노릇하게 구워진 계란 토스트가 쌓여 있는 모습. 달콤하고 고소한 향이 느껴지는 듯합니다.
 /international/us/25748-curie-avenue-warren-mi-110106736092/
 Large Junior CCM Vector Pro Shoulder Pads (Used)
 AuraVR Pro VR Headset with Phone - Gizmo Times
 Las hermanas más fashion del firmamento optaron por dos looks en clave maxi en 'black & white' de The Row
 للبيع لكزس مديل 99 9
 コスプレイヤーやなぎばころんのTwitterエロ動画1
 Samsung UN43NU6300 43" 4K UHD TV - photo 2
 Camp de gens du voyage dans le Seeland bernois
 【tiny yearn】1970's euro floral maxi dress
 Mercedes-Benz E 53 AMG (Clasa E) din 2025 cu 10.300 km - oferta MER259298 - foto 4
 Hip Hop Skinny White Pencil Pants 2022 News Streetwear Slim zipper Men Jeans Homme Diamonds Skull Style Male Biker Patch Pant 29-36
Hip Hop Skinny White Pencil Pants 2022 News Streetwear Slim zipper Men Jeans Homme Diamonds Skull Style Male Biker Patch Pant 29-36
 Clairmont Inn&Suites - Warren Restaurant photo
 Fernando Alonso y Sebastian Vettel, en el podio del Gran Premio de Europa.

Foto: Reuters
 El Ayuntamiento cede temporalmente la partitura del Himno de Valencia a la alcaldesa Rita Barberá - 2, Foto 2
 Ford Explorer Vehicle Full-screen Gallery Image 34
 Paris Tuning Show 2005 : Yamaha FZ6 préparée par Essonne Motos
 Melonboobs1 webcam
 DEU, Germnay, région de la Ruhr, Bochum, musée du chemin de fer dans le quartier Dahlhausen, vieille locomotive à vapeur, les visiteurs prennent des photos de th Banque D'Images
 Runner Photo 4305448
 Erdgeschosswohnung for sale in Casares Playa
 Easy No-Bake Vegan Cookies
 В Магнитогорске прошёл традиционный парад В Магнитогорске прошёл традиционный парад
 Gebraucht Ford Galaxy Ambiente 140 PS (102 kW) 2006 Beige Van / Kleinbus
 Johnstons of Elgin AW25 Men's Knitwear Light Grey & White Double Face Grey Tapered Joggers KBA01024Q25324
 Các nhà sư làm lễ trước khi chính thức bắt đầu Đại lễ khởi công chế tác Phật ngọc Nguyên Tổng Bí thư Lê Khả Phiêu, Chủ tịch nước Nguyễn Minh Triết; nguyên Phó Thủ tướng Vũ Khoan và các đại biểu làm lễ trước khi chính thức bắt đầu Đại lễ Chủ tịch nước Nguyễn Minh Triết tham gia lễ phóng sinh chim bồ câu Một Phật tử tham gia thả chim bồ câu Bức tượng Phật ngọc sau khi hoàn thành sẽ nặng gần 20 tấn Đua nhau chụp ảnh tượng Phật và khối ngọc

•••

> [Required action]: An exact repeat of all the records is required.

> [Solution to this exercise]:
노릇하게 구워진 계란 토스트가 쌓여 있는 모습. 달콤하고 고소한 향이 느껴지는 듯합니다.
 /international/us/25748-curie-avenue-warren-mi-110106736092/
 Large Junior CCM Vector Pro Shoulder Pads (Used)
 AuraVR Pro VR Headset with Phone - Gizmo Times
 Las hermanas más fashion del firmamento optaron por dos looks en clave maxi en 'black & white' de The Row
 للبيع لكزس مديل 99 9
 コスプレイヤーやなぎばころんのTwitterエロ動画1
 Samsung UN43NU6300 43" 4K UHD TV - photo 2
 Camp de gens du voyage dans le Seeland bernois
 【tiny yearn】1970's euro floral maxi dress
 Mercedes-Benz E 53 AMG (Clasa E) din 2025 cu 10.300 km - oferta MER259298 - foto 4
 Hip Hop Skinny White Pencil Pants 2022 News Streetwear Slim zipper Men Jeans Homme Diamonds Skull Style Male Biker Patch Pant 29-36
Hip Hop Skinny White Pencil Pants 2022 News Streetwear Slim zipper Men Jeans Homme Diamonds Skull Style Male Biker Patch Pant 29-36
 Clairmont Inn&Suites - Warren Restaurant photo
 Fernando Alonso y Sebastian Vettel, en el podio del Gran Premio de Europa.

Foto: Reuters
 El Ayuntamiento cede temporalmente la partitura del Himno de Valencia a la alcaldesa Rita Barberá - 2, Foto 2
 Ford Explorer Vehicle Full-screen Gallery Image 34
 Paris Tuning Show 2005 : Yamaha FZ6 préparée par Essonne Motos
 Melonboobs1 webcam
 DEU, Germnay, région de la Ruhr, Bochum, musée du chemin de fer dans le quartier Dahlhausen, vieille locomotive à vapeur, les visiteurs prennent des photos de th Banque D'Images
 Runner Photo 4305448
 Erdgeschosswohnung for sale in Casares Playa
 Easy No-Bake Vegan Cookies
 В Магнитогорске прошёл традиционный парад В Магнитогорске прошёл традиционный парад
 Gebraucht Ford Galaxy Ambiente 140 PS (102 kW) 2006 Beige Van / Kleinbus
 Johnstons of Elgin AW25 Men's Knitwear Light Grey & White Double Face Grey Tapered Joggers KBA01024Q25324
 Các nhà sư làm lễ trước khi chính thức bắt đầu Đại lễ khởi công chế tác Phật ngọc Nguyên Tổng Bí thư Lê Khả Phiêu, Chủ tịch nước Nguyễn Minh Triết; nguyên Phó Thủ tướng Vũ Khoan và các đại biểu làm lễ trước khi chính thức bắt đầu Đại lễ Chủ tịch nước Nguyễn Minh Triết tham gia lễ phóng sinh chim bồ câu Một Phật tử tham gia thả chim bồ câu Bức tượng Phật ngọc sau khi hoàn thành sẽ nặng gần 20 tấn Đua nhau chụp ảnh tượng Phật và khối ngọc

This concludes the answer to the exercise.